##### SOURCE MATERIAL #####
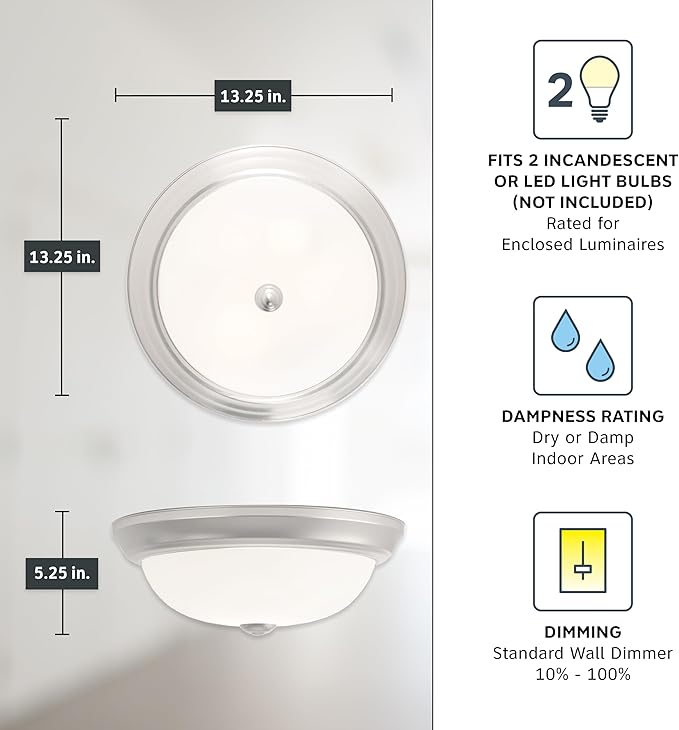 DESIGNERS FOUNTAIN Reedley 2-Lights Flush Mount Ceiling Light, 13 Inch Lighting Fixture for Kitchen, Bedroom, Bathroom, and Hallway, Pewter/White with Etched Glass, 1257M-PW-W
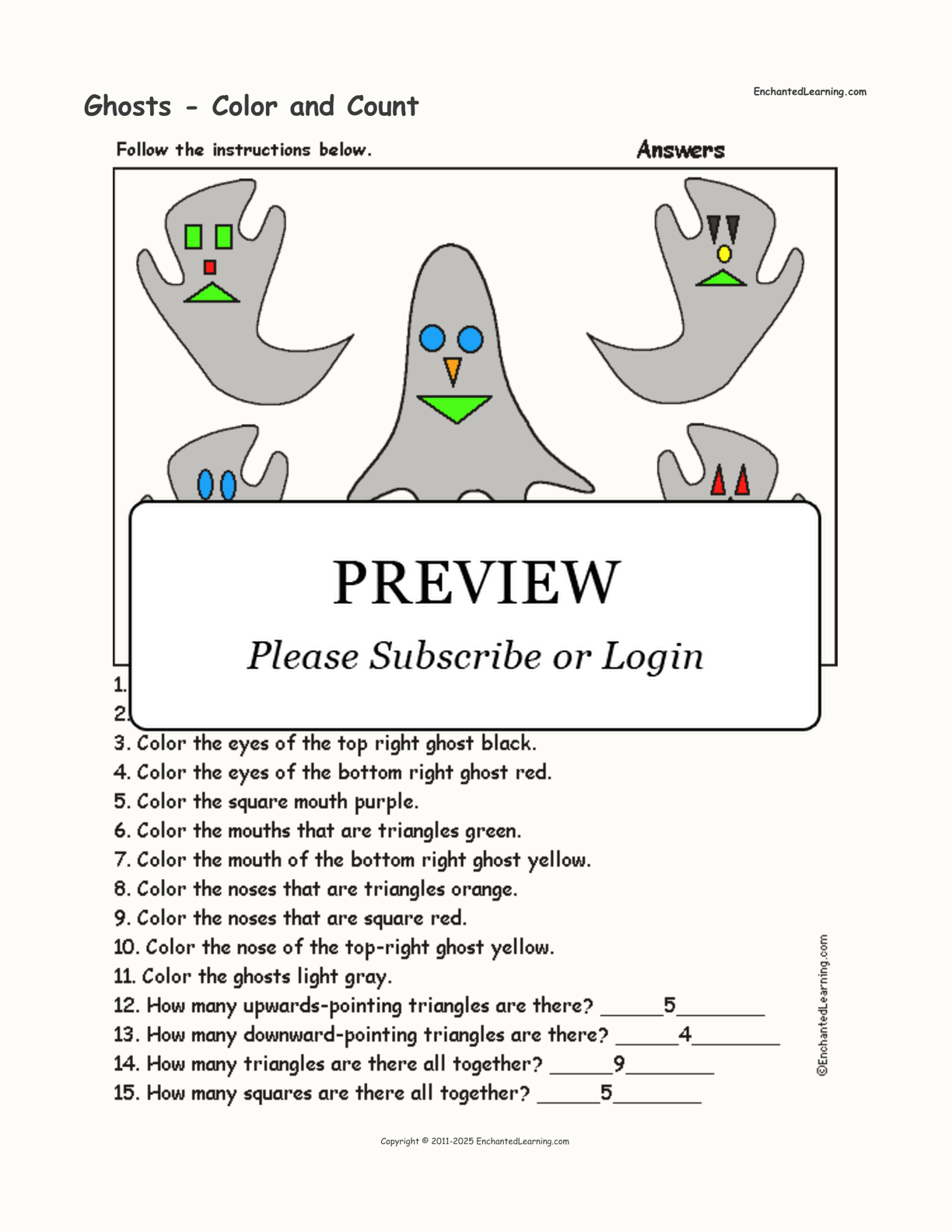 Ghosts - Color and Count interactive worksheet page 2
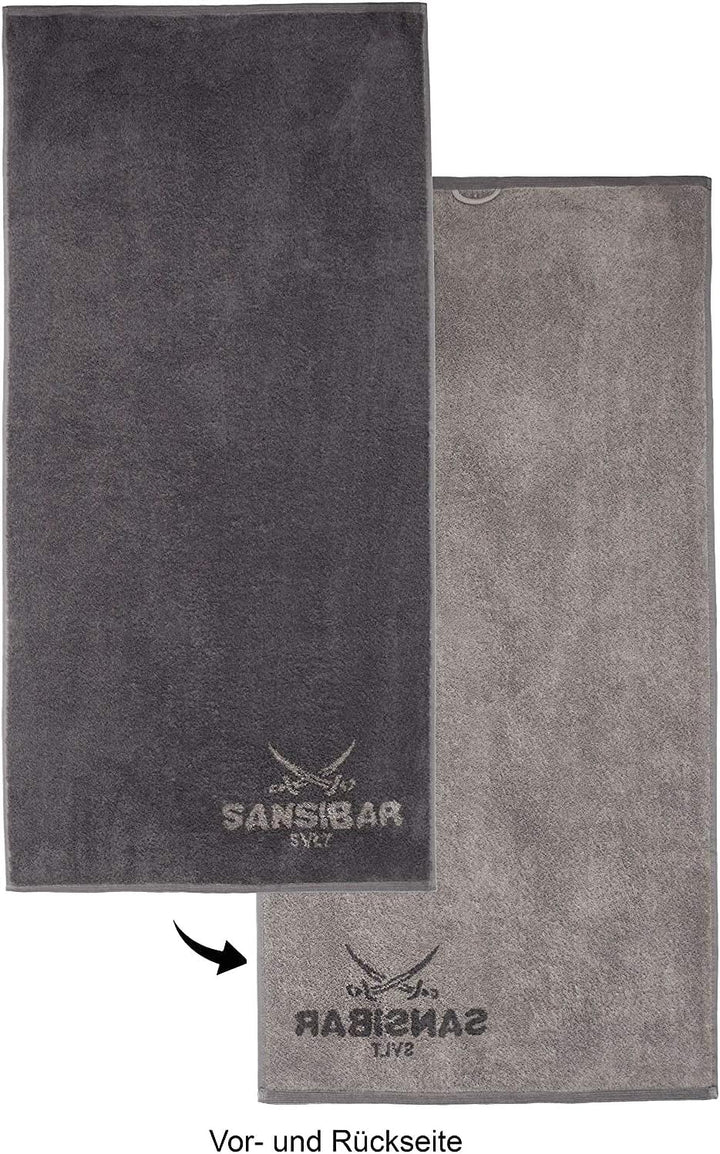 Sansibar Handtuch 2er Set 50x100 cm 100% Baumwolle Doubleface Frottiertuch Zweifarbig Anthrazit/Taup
#####
ASSIGNMENT:
Could you transcribe exactly the lines running from the one with "Ghosts - Color" to the final line of the material above, both included, with no pictures?

ANSWER TO THIS EXERCISE:
 Ghosts - Color and Count interactive worksheet page 2
 Sansibar Handtuch 2er Set 50x100 cm 100% Baumwolle Doubleface Frottiertuch Zweifarbig Anthrazit/Taup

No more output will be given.